■ **What to work on**:
Omit all pictures, then retype the data exactly as given.

■ **Information supplied**:
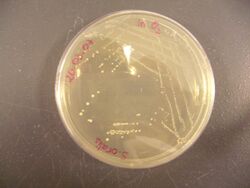 Streptococcus oralis on Wilkins-Chalgren Agar.JPG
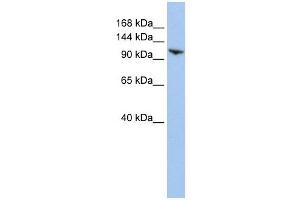 RNF20 antibody used at 1 ug/ml to detect target protein. (RNF20 抗体  (N-Term))
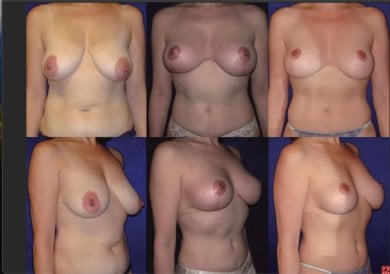 before-after photo breast-implants-with-breast-lift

■ **Answer to this problem**:
 Streptococcus oralis on Wilkins-Chalgren Agar.JPG
 RNF20 antibody used at 1 ug/ml to detect target protein. (RNF20 抗体  (N-Term))
 before-after photo breast-implants-with-breast-lift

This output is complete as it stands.